Data items:
····················
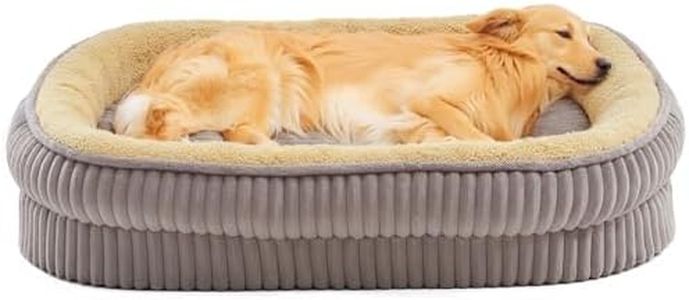 DEBANG HOME Lit orthopédique pour Chiens de très Grande Taille, lit Ovale en Mousse Haute densité, avec Housse Amovible Lavable et Fond antidérapant (Gris, XXL(104X76X19cm))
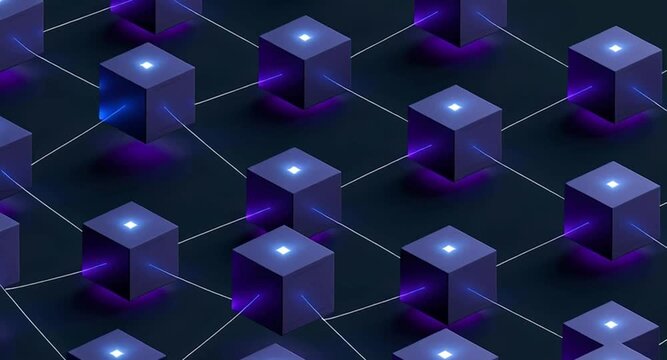Digital information transferring between blocks in a futuristic blockchain network, visualizing concepts of cryptocurrency, distributed ledger technology, data integrity, and decentralized systems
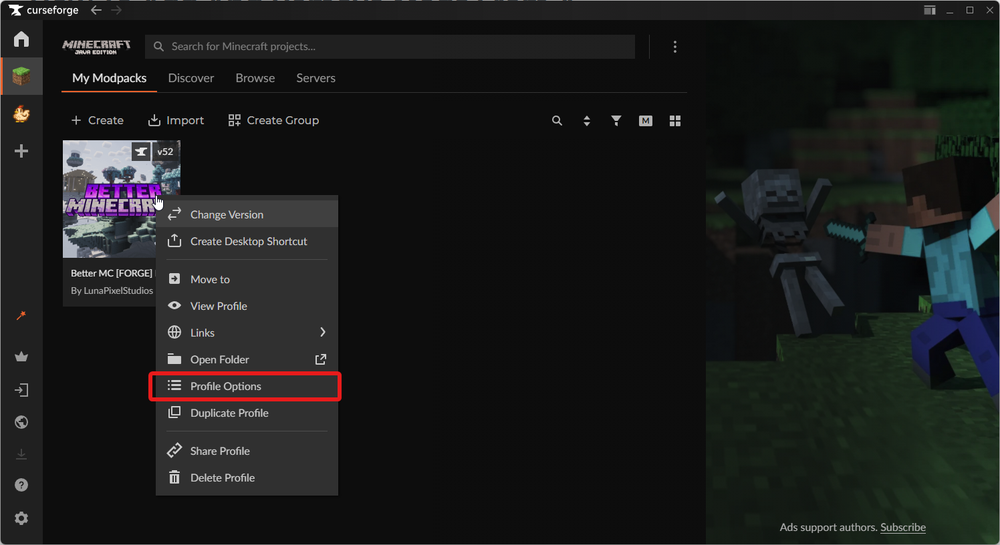 CurseForge launcher modpack context menu with Profile Options highlighted.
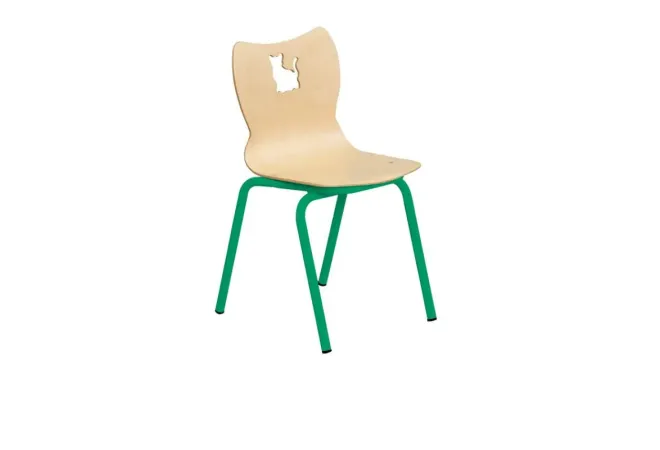 Chaise maternelle empilable structure verte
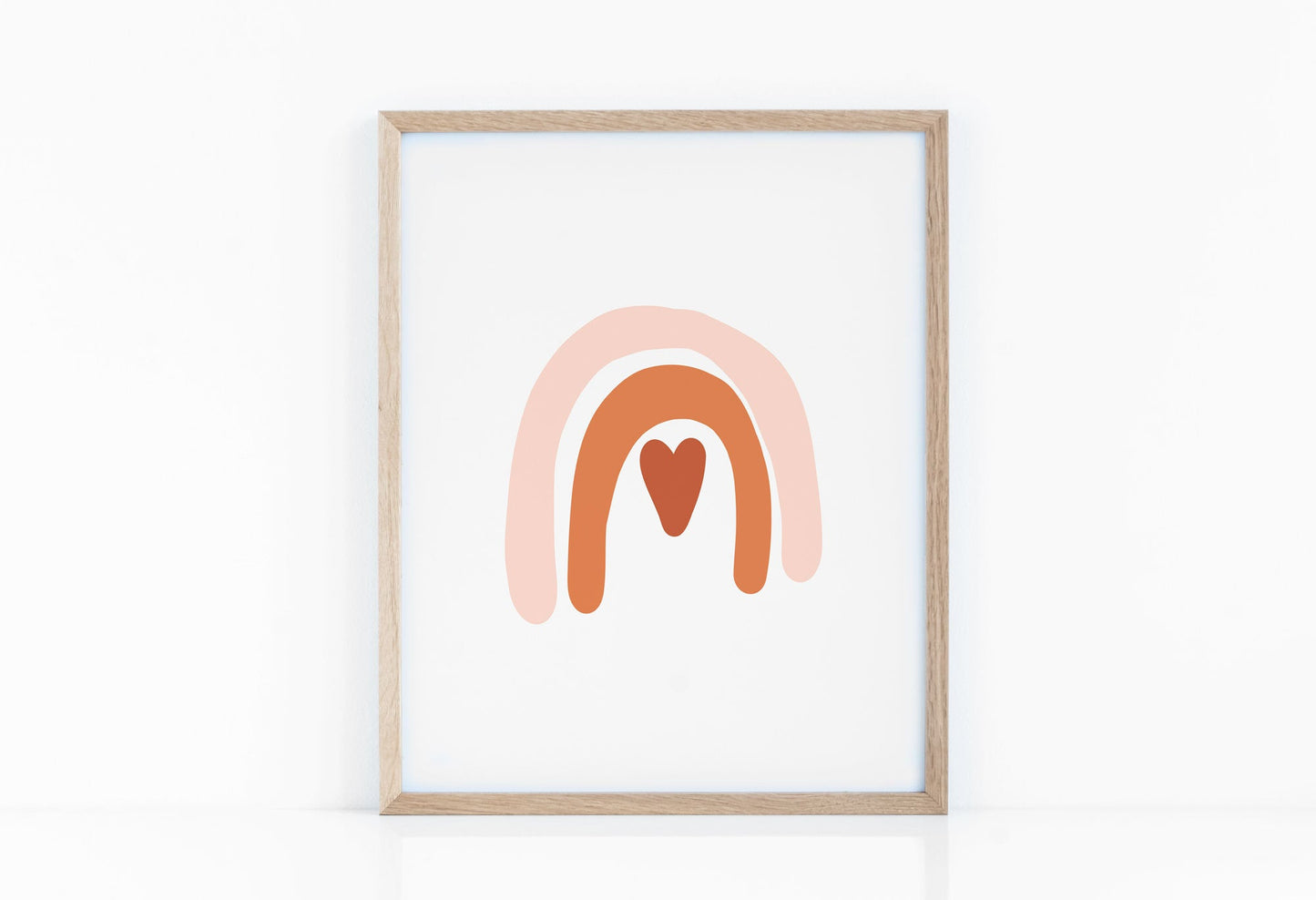 Orange Pink Rainbow Nursery Wall Print - Boho Rainbow Art - Girl Nursery Artwork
····················
# PROBLEM DETAILS
Print exactly the lines from the one containing "CurseForge launcher modpack" through the last line of the records, both included, and leave out the pictures.

# ANSWER BELOW
 CurseForge launcher modpack context menu with Profile Options highlighted.
 Chaise maternelle empilable structure verte
 Orange Pink Rainbow Nursery Wall Print - Boho Rainbow Art - Girl Nursery Artwork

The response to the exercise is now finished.